**PROBLEM TO WORK ON:** Every entry should come back exactly as written, minus the pictures.

--- RECORDS TO PROCESS ---

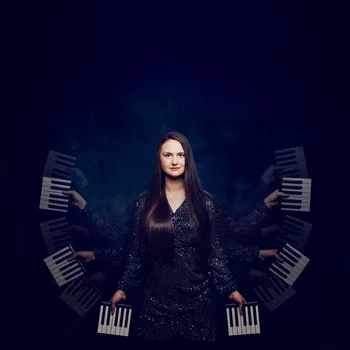 Laura Farré, Araspel, música armenia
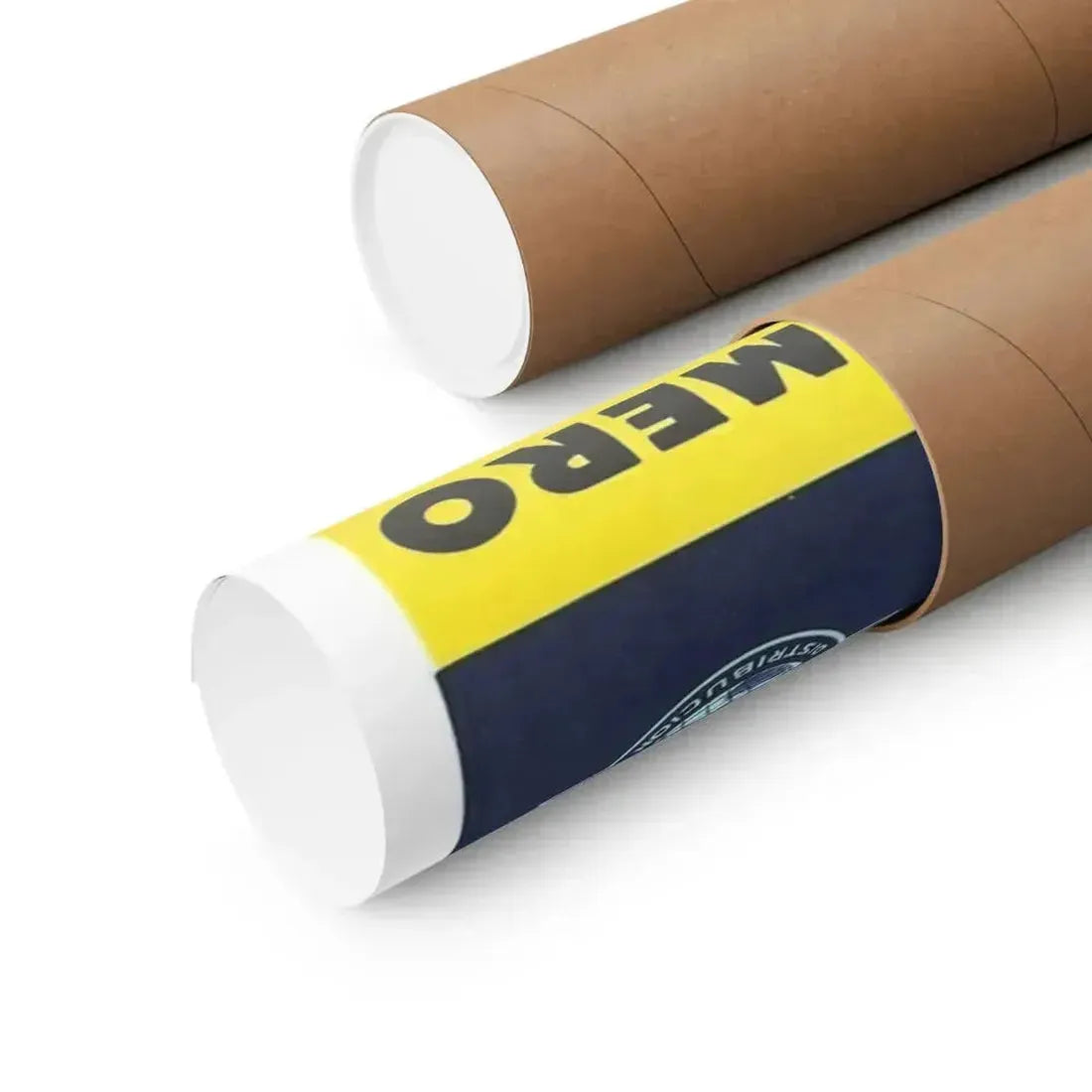 LOST CONTINENT (SPANISH) 1951 - Paper Movie Poster - The Sticker Space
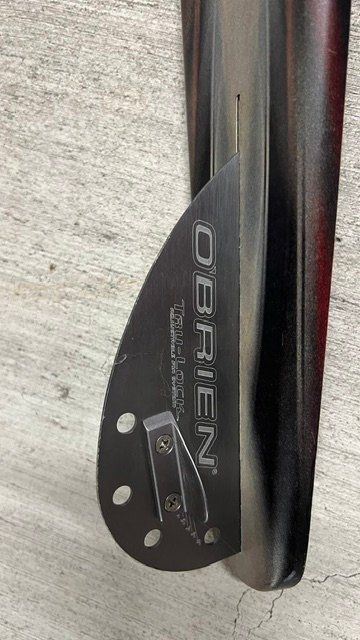 Skis: Obrian Wold Record Ski – Gebraucht aus Zürich von daisydogs666 5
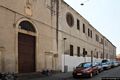 Sassari: Convento delle Monache Cappuccine
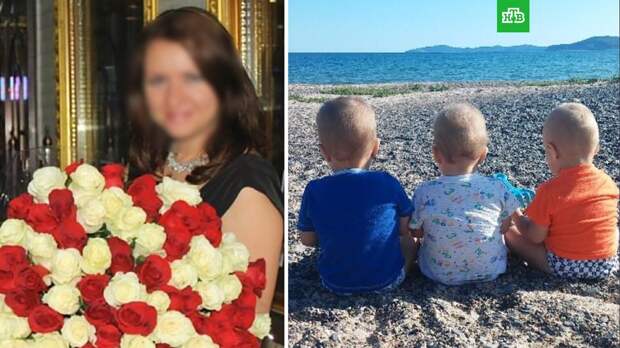 Убийство семьи во Владивостоке: выживший ребенок пытался «разбудить» мертвых брата и сестру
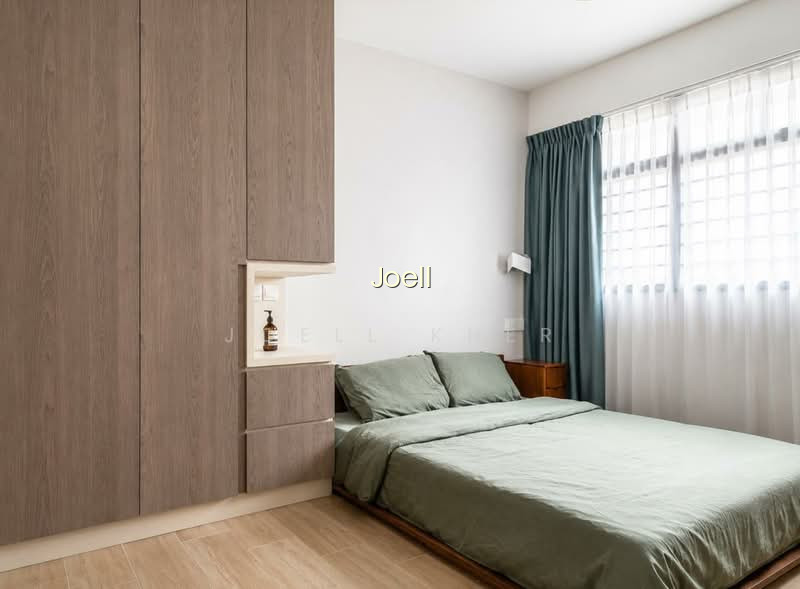 113B ALKAFF CRESCENT photo 2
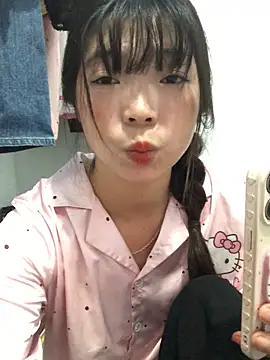 cuty lusy online show from 06-20-26, 12:58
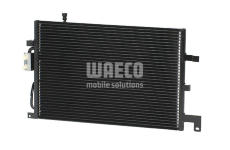 Kondenzátor, klimatizace WAECO 8880400232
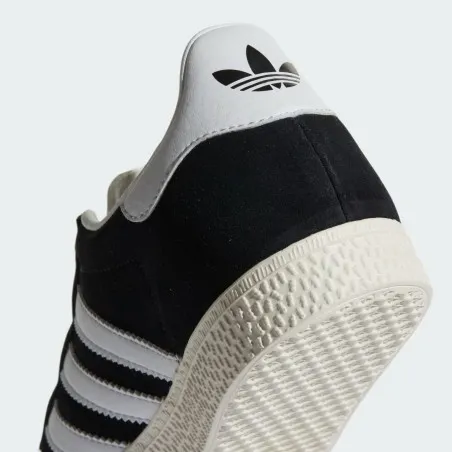 Adidas - Gazelle J - BB2502 - ADIDAS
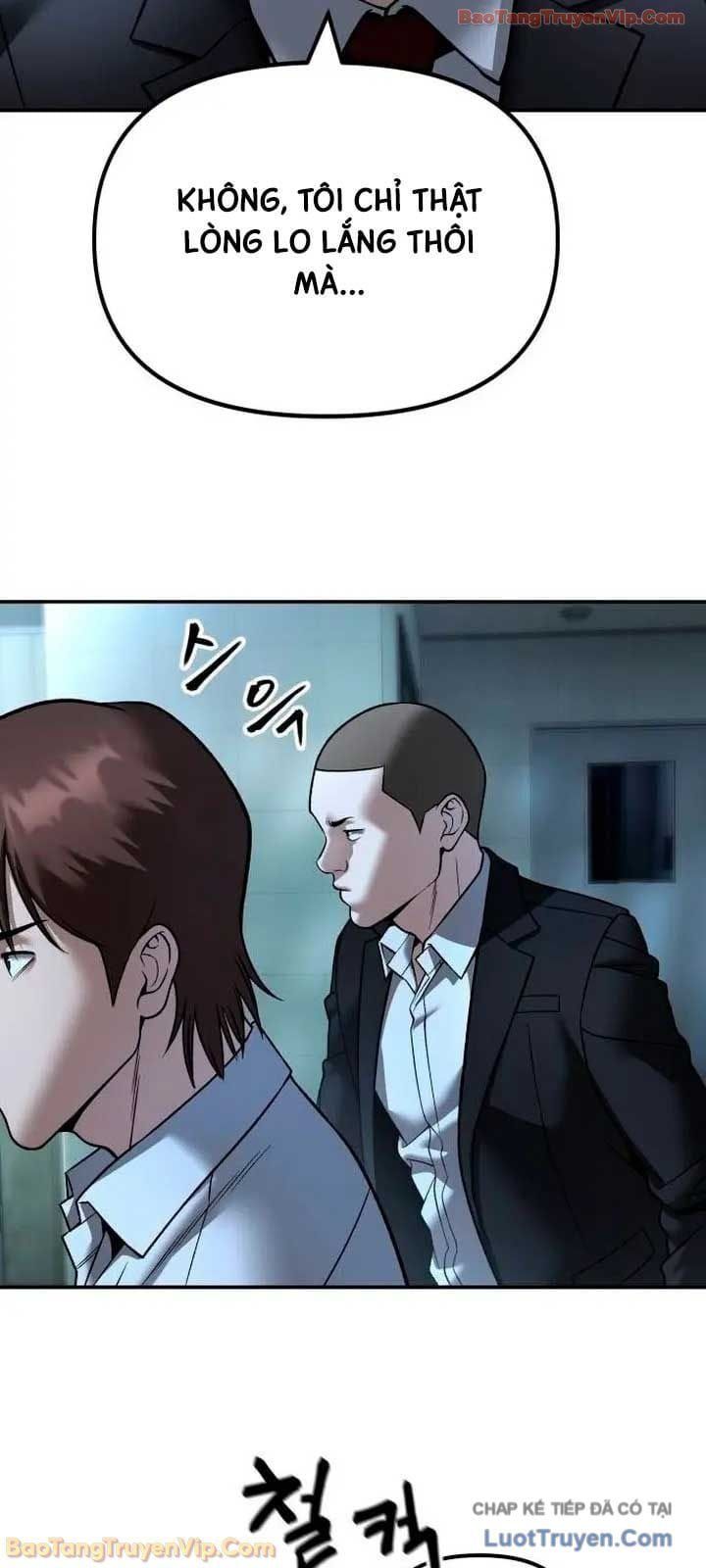 Giang Hồ Thực Thi Công Lý Chap 172 - Next Chap 173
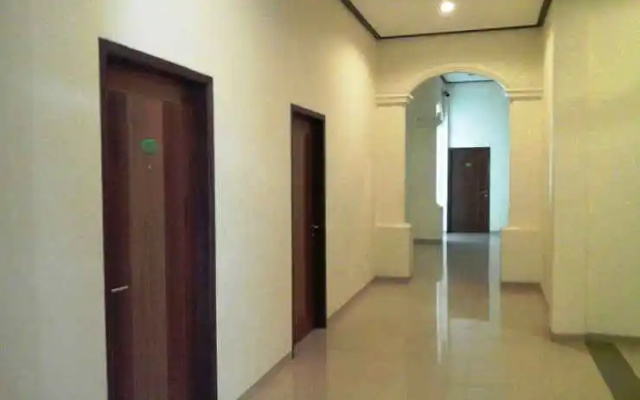 Hotel Grand Papua Nabire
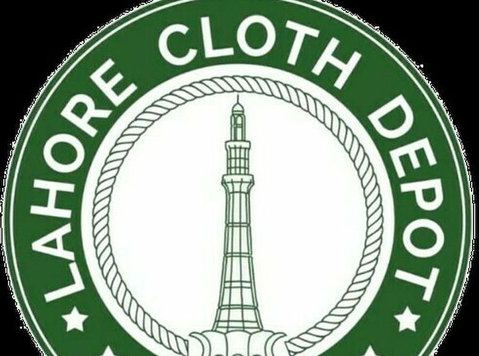 Lahore Cloth Depot - Ruha/Ékszer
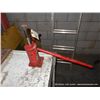 Image 1 : HYDRAULIC JACK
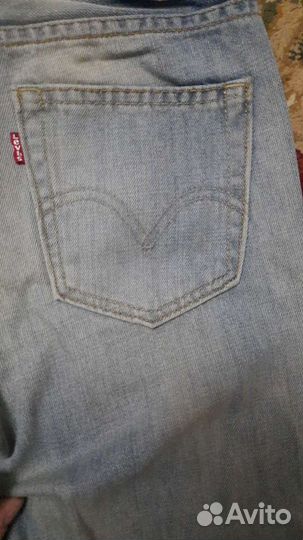 Джинсы на мальчика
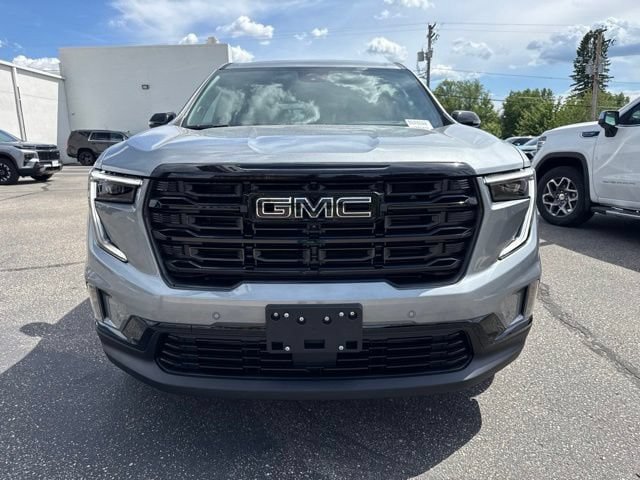 New 2026 GMC Acadia Elevation w/ Super Cruise Package AWD/4WD image 8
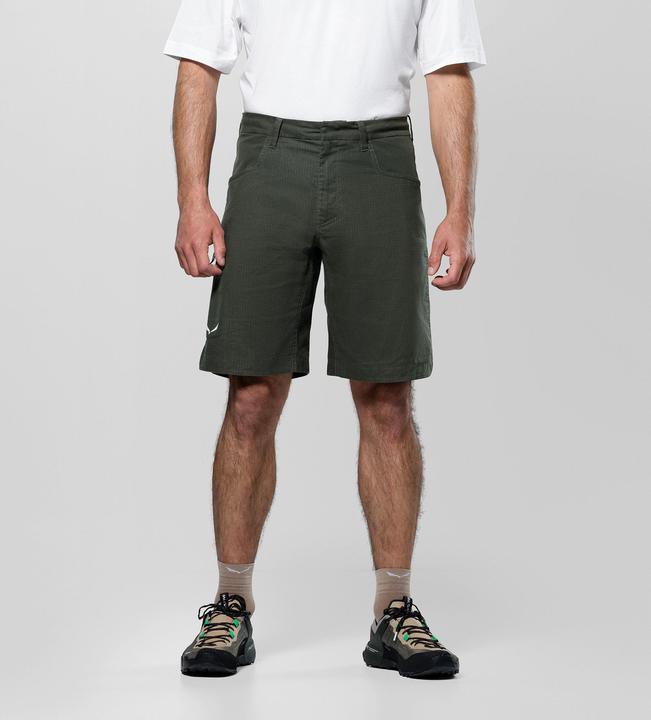 Immagine prodotto Salewa Agner Hemp Ripstop Shorts (XXL)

---

**ANSWER TO THIS PROBLEM:**
 Laura Farré, Araspel, música armenia
 LOST CONTINENT (SPANISH) 1951 - Paper Movie Poster - The Sticker Space
 Skis: Obrian Wold Record Ski – Gebraucht aus Zürich von daisydogs666 5
 Sassari: Convento delle Monache Cappuccine
 Убийство семьи во Владивостоке: выживший ребенок пытался «разбудить» мертвых брата и сестру
 113B ALKAFF CRESCENT photo 2
 cuty lusy online show from 06-20-26, 12:58
 Kondenzátor, klimatizace WAECO 8880400232
 Adidas - Gazelle J - BB2502 - ADIDAS
 Giang Hồ Thực Thi Công Lý Chap 172 - Next Chap 173
 Hotel Grand Papua Nabire
 Lahore Cloth Depot - Ruha/Ékszer
 Image 1 : HYDRAULIC JACK
 Джинсы на мальчика
 New 2026 GMC Acadia Elevation w/ Super Cruise Package AWD/4WD image 8
 Immagine prodotto Salewa Agner Hemp Ripstop Shorts (XXL)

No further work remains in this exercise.